Les principes de compétence judiciaire
ainsi définis au
titre II de la présente convention (articles 2 à 6)
entraînent les conséquences suivantes
:
- la juridiction compétente sur ces bases est également
compétente pour l'examen d'une
demande reconventionnelle
si elle
entre dans le champ d'application de la convention.

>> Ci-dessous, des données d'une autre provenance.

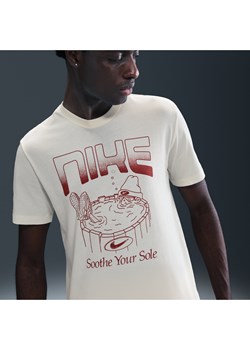 T-shirt Nike Sportswear - Brązowy ze sklepu Nike poland w kategorii T-shirty męskie - zdjęcie 184284233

- elle reste également compétente lorsqu'il s'agit de
convertir en divorce une décision de séparation de corps
rendue par elle.
- les règles de compétence exclusive ainsi définies aux
articles 2 à 6
ne valent que pour les affaires matrimoniales et les
questions de responsabilité parentale
qui y sont liées et
n'affectent pas les règles de compétence en matière de
protection des mineurs lorsque ces questions ne sont pas liées à
une affaire matrimoniale.
- lorsque les règles de la convention ne permettent pas de conclure
à la compétence d'un tribunal d'un Etat membre (défaut de
résidence habituelle ou de domicile dans l'Union ou défaut de
nationalité d'un Etat membre), la compétence est
déterminée dans chaque Etat selon sa loi nationale. Cette
compétence " résiduelle
" est donc
laissée à la juridiction de l'Etat membre du demandeur lorsque le
défendeur relève d'un Etat non communautaire pour sa
résidence habituelle, son " domicile " ou se
nationalité.
Ainsi en France, l'article 14 du code civil serait applicable qui donne
compétence aux tribunaux français lorsque le demandeur a la
nationalité française.
-
Une juridiction d'un Etat membre saisie en premier lieu
d'un affaire
vérifie sa compétence au regard des règles de la
présente convention. Si cette compétence ne ressort pas de
l'exercice de cette vérification,
elle se déclare d'office
incompétente
au profit de la juridiction d'un autre Etat membre.
- Afin de
préserver les droit de la défense
, la
juridiction compétente doit surseoir à statuer jusqu'à ce
qu'il soit établi que le défendeur a été à
même de recevoir l'acte introductif d'instance pour se défendre en
temps utile ou que toute diligence a été faite à cette fin.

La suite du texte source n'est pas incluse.